Flash Support on the iPad Becomes Reality
Comex, the programmer behind the user-friendly jailbreak tool, Spirit, has unleashed the source for his latest project, Frash. This little gem enables Flash support (sans video) on the iPad. Frash is still in the alpha stage, so if you run into problems, you are left to the mercy of the forums, but all reports indicate that it is simple process and can easily be reversed. With that said, those willing to make the simple leap to a jailbroken iPad will no doubt appreciate the additional capabilities of their tablet.
In any pre-release build, there are bound to be bugs and missing components. In the case of Frash, video is not supported, but games and native animations work quite well. At its core, the software is based off of the Flash components found in Google’s Android OS. Comex is lucky to have a strong foundation to work from, but porting software between platforms is never an easy task.
Lack of flash support is one of the reasons that Android is gaining ground in the mobile market. Users appreciate the ability to go beyond the mobile web with their devices. Android tablets are also on the rise and they will benefit from the scalability of Google’s OS. When iPad users begin bumping into Android tablets in the wild, they are bound to feel a sense of inadequacy. There is something to say about being able to play a game such as Alien Hominid when you are accustomed to seeing tiny, blue, question mark stamped boxes.
Apple consistently rejects the notion of adding Flash support to their devices, citing unreliable performance and insufficient optimization. This is a defining difference between Apple and their competitors. Hardware is catching up to user demand and devices with native flash support are on the rise. The iPad has the raw power necessary to run Flash, yet Apple can’t or won’t offer even partial Flash support to their customers. Many users are now in a position where jailbreaking seems like a reasonable option. People often associate jailbreaking with piracy, but Comex will likely change more than a few minds once Frash closes the compatability gap.
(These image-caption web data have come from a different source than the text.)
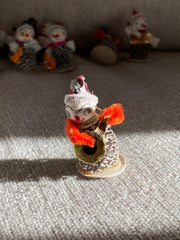 Spun Cotton and Pinecone Snowman Playing Guitar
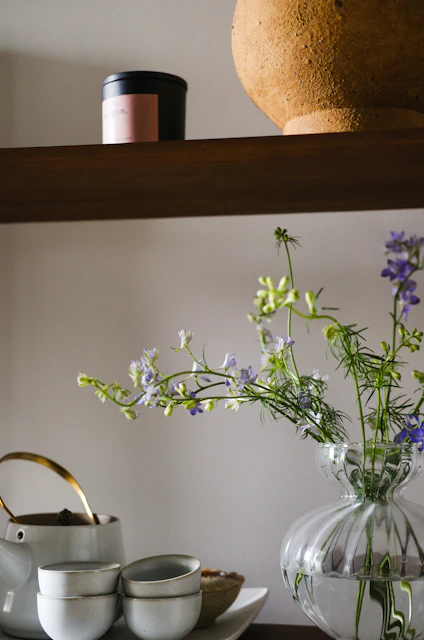 A shelf with a vase of flowers and a tea pot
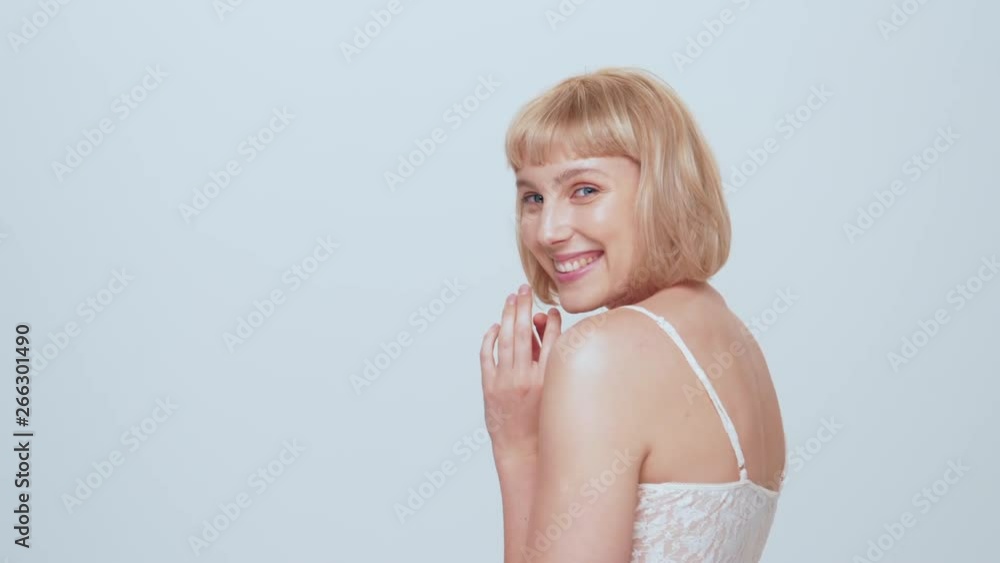 A beautiful young caucasian girl with blue eyes looks into the camera in the studio on a white background. A beautiful young caucasian girl with blue eyes looks into the camera in the studio on a white background.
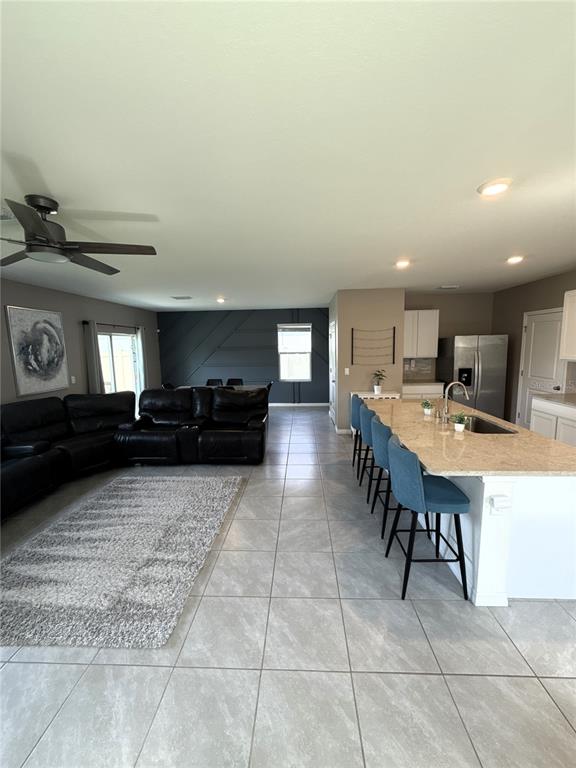 8446 Hardy Bay Loop Wesley Chapel, FL 33545 - Photo 12 of 38 a kitchen with a sink and cabinets
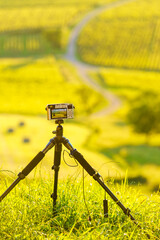 Naklejka premium Camera on tripod take picture from landscape in Pupillin commune, Jura wine region, Burgundy in France.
Apple is aware that people want Flash, but it doesn’t seem like they care. If one programmer can make Flash support a reality, one would assume they could too. We expect Flash when we browse the web. Many detractors are convinced that the performance excuse from Apple is a cop out. Apple sees value in control, but simultaneously ignores the value of a happy customer. Who wouldn’t expect the full internet experience from their iPad unless they were previously aware of Apple’s stance. Their justification for banning flash seems weak and the all the HTML5 fanfare is a bit premature. Flash has a hold on the internet as we know it and it will take a few years and revisions for HTML5 to catch up to Flash’s capabilities.
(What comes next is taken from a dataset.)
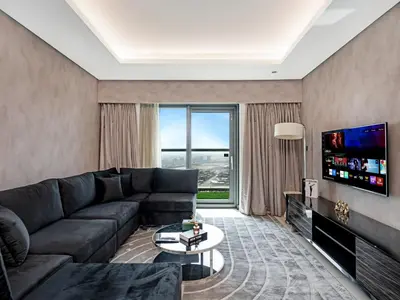a living room with a couch and a tv at Sky-high 1Br Apartment Sleeps 4 in Damac Paramount in Dubai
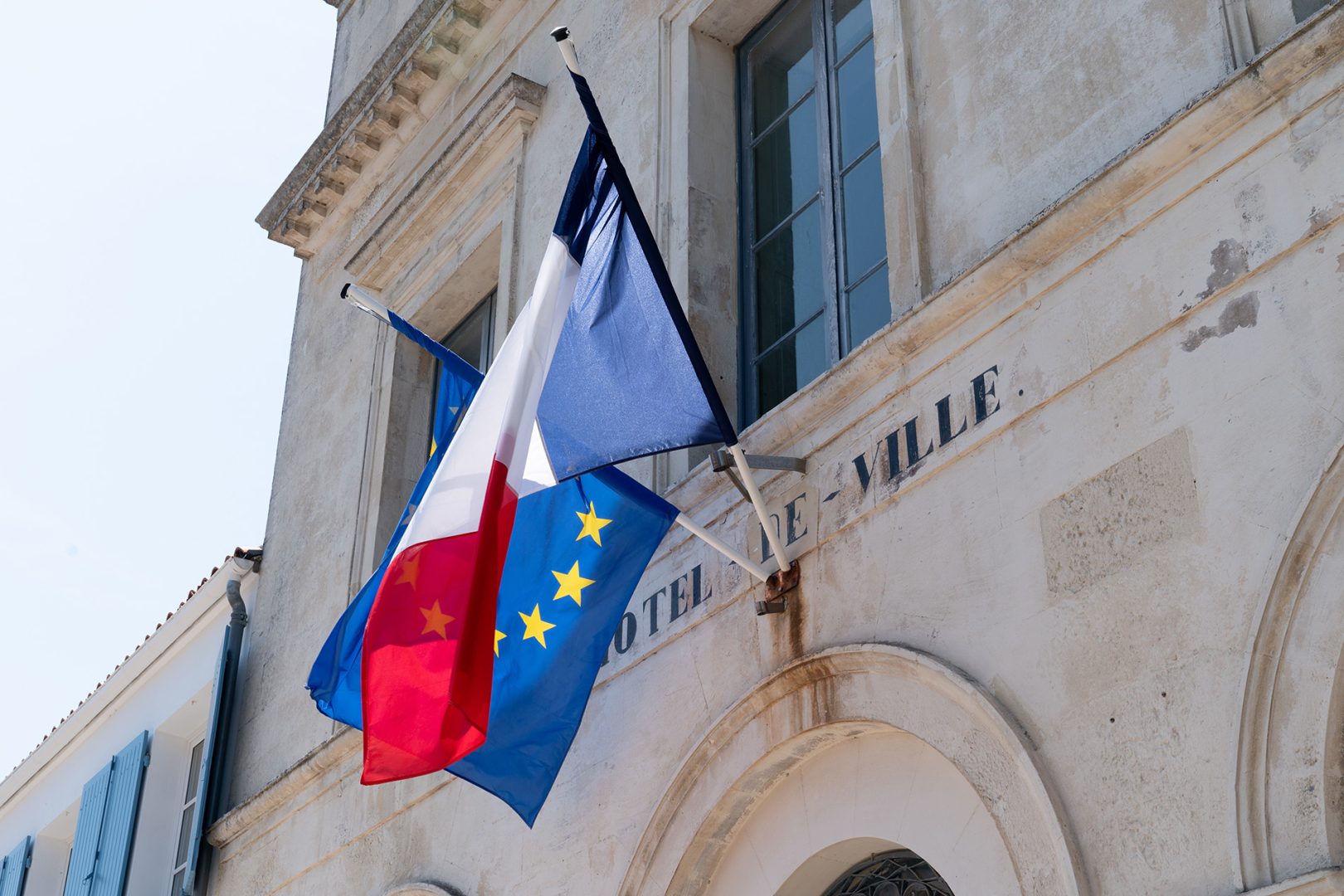 French and EU European Union flags on the city hall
The bottom line is that they prefer to control the content that is distributed through the app store. They decided early on that standardized languages like C++, CSS, and HTML are sufficient for the sort of apps users want and prefer to sidestep any involvement with Adobe if it can be helped. This is Apple’s game, and it looks like they don’t play well with others.
If you are interested in sidestepping Apple’s virtual caution tape and want to try out Frash for yourself, installation guides are readily available. (HERE, for example) Until Job’s has a change of heart, or rather, when hell freezes over, this may be your only option if you want to get the most from your device.